GST means GST as that term is defined in the GST Law, and any interest, penalties, fines or expenses relating to such GST. 

 

GST Law means the A New Tax System (Goods and Services Tax) Act 1999 (Cth) and/or associated Commonwealth legislation, regulations and publicly available rulings. 

 

Intellectual Property Rights means all current and future registered and unregistered rights in respect of copyright, circuit layouts, designs, trade marks, know-how, confidential information, patents, inventions, plant breeder’s rights and discoveries and all other intellectual property as defined in article 2 of the convention establishing the World Intellectual Property Organisation 1967. 

 

Liability means any liability, debt or obligation, whether actual, contingent or prospective, present or future, qualified or unqualified or incurred jointly or severally with any other person.
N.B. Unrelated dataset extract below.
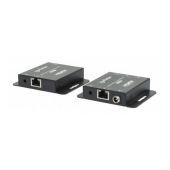 Kit Extensor De Video Manhattan Hdmi Por Cable Cat6 70 Metros 168397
Liable has a corresponding meaning. 

 

Loss means any loss (including Consequential Loss), claims, actions, liabilities, damages, expenses, diminution in value or deficiency of any kind whether direct, indirect, consequential or otherwise. 

 

Material means property, information, software, firmware, documented methodology or process, documentation or other material in whatever form, including any reports, specifications, requirements, user manuals, notes, user guides, draft sketches, drawings and concepts, instructions, and the subject matter of any category of Intellectual Property Rights. 

 

Production Services means the crafting, manufacture, development and/or production of a Design. 

 

Product means a jewellery product created for you as a result of the Production Services. 

 

Quote means a quotation or proposal for Design Services and/or Production Services. 

 

Services means the Design Services and the Production Services. 

 

Tax Invoice means a “tax invoice” compliant with the requirements of the GST Law. 

 

Terms has the meaning given to that term in clause 1.2. 

 

11.2 Interpretation 

(a) Unless the contrary intention appears, a reference in these Terms to: 

(1) these Terms or another document includes any variation or replacement of it despite any change in the identity of the parties; 

(2) one gender includes the others; 

(3) the singular includes the plural and the plural includes the singular; 

(4) a person, partnership, corporation, trust, association, joint venture, unincorporated body, Government Body or other entity includes any other of them;
(5) an item, recital, clause, subclause, paragraph, schedule or attachment is to an item, recital, clause, subclause, paragraph of, or schedule or attachment to, these Terms and a reference to these Terms includes any schedule or attachment; 

(6) a party includes the party’s executors, administrators, successors, substitutes (including a person who becomes a party by novation) and permitted assigns; 

(7) any statute, ordinance, code or other law includes regulations and other instruments under any of them and consolidations, amendments, re-enactments or replacements of any of them; 

(8) money is to Australian dollars, unless otherwise stated; and 

(9) a time is a reference to Brisbane time unless otherwise specified. 

 

(b) The words include, including, such as, for example and similar expressions are not to be construed as words of limitation. 

 

(c) Where a word or expression is given a particular meaning, other parts of speech and grammatical forms of that word or expression have a corresponding meaning. 

 

(d) Headings and any table of contents or index are for convenience only and do not affect the interpretation of these Terms. 

 

(e) A provision of these Terms must not be construed to the disadvantage of a party merely because that party or its advisers were responsible for the preparation of these Terms or the inclusion of the provision in these Terms. 

 

11.3 Parties 

(a) If a party consists of more than one person, these Terms bind each of them separately and any two or more of them jointly. 

(b) An agreement, covenant, obligation, representation or warranty in favour of two or more persons is for the benefit of them jointly and each of them separately.

 (c) An agreement, covenant, obligation, representation or warranty on the part of two or more persons binds them jointly and each of them separately.



AG Designer Jeweller Terms of Service as of July 2018.